正则提取
正则提取转换插件
描述
RegexExtract
转换插件使用正则表达式从指定字段中提取数据,并将提取的值输出到新字段中。它支持正则表达式中的捕获组,并允许在模式不匹配时为每个输出字段设置默认值。
属性
名称 | 类型 | 是否必须 | 默认值 |
---|---|---|---|
source_field | string | yes | |
regex_pattern | string | yes | |
output_fields | array | yes | |
default_values | array | no |
source_field [string]
要提取数据的源字段名称。
regex_pattern [string]
带有捕获组的正则表达式模式。捕获组的数量必须与输出字段的数量匹配。
output_fields [array]
提取值的输出字段名称。大小必须与正则表达式模式中的捕获组数量匹配。
default_values [array]
当正则表达式模式不匹配或源字段为 null 时,输出字段的默认值。如果提供,大小必须与输出字段数量匹配。
示例
源端数据读取的表格如下:
id | log_entry | |
---|---|---|
1 | user1@example.com | 2023-12-01 10:30:45 INFO User login successful |
2 | admin@test.org | 2023-12-01 11:15:22 ERROR Database connection failed |
3 | guest@domain.net | 2023-12-01 12:00:00 WARN Memory usage high |
我们想要从 email
字段中提取用户名、域名和顶级域名:
transform {
RegexExtract {
plugin_input = "fake"
plugin_output = "regex_result"
source_field = "email"
regex_pattern = "([^@]+)@([^.]+)\\.(.+)"
output_fields = ["username", "domain", "tld"]
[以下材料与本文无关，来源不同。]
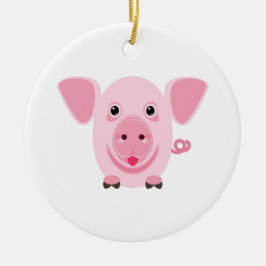 Ornamento De Cerâmica Pequeno porco rosa feliz e fofo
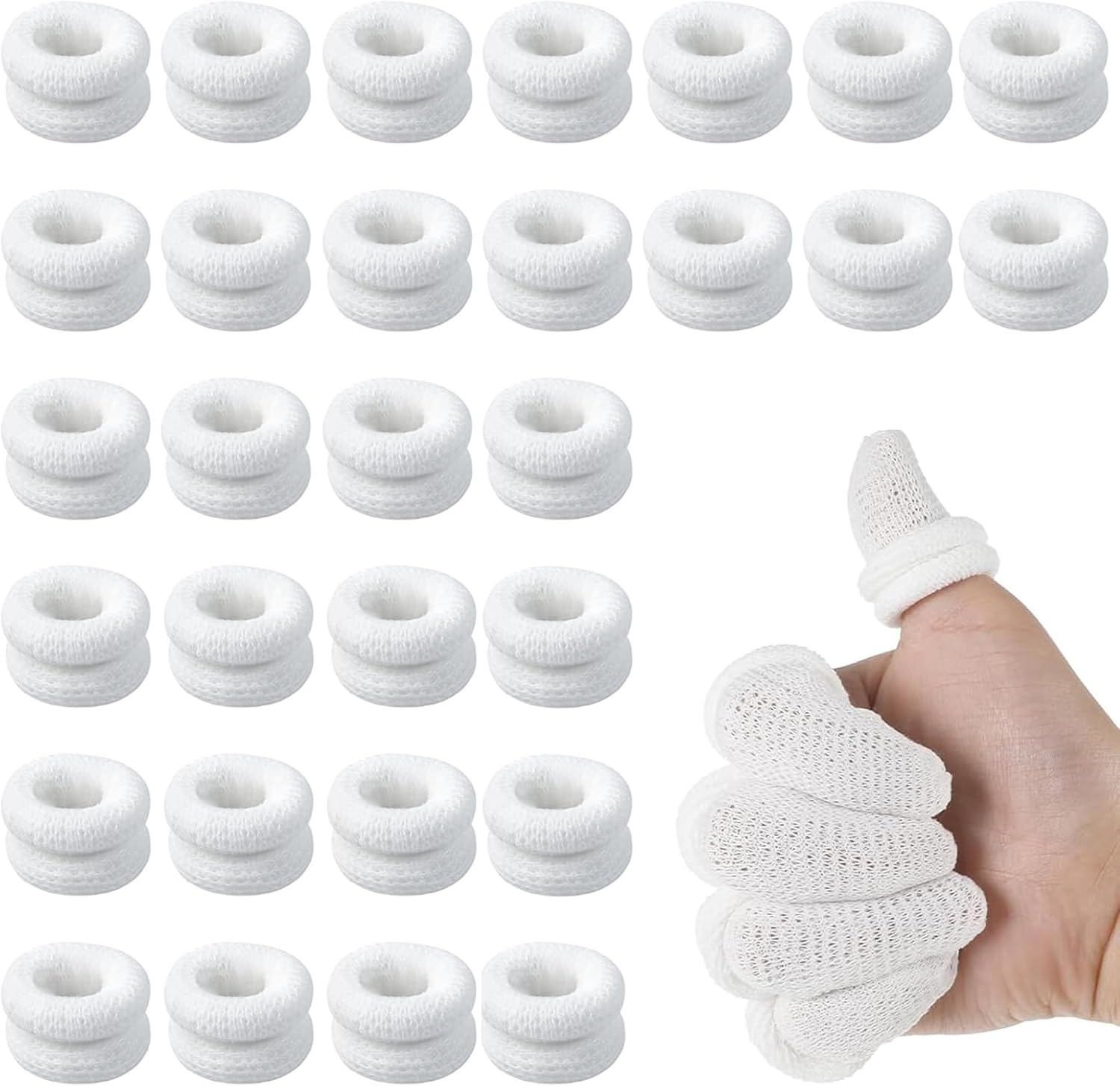 30 Pcs Tubular Finger Bandage Cots, Elastic & Breathable Fingers Protection, Cotton Finger Gauze for Wounds, Gardening, Sports, and Kitchen Use, White image number 1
default_values = ["unknown", "unknown", "unknown"]
}
}
那么结果表 regex_result
中的数据将会更新为:
id | log_entry | username | domain | tld | |
---|---|---|---|---|---|
1 | user1@example.com | 2023-12-01 10:30:45 INFO User login successful | user1 | example | com |
2 | admin@test.org | 2023-12-01 11:15:22 ERROR Database connection failed | admin | test | org |
3 | guest@domain.net | 2023-12-01 12:00:00 WARN Memory usage high | guest | domain | net |
作业配置示例
env {
job.mode = "BATCH"
}
source {
FakeSource {
plugin_output = "fake"
row.num = 100
schema = {
fields {
id = "int"
email = "string"
log_entry = "string"
}
}
rows = [
{
kind = INSERT,
fields = [1, "user1@example.com", "2023-12-01 10:30:45 INFO User login successful"]
},
{
kind = INSERT,
fields = [2, "admin@test.org", "2023-12-01 11:15:22 ERROR Database connection failed"]
},
{
kind = INSERT,
fields = [3, "guest@domain.net", "2023-12-01 12:00:00 WARN Memory usage high"]
}
]
}
}
transform {
RegexExtract {
plugin_input = "fake"
plugin_output = "regex_result"
source_field = "email"
regex_pattern = "([^@]+)@([^.]+)\\.(.+)"
output_fields = ["username", "domain", "tld"]
default_values = ["unknown", "unknown", "unknown"]
}
}
sink {
Console {
plugin_input = "regex_result"
}
}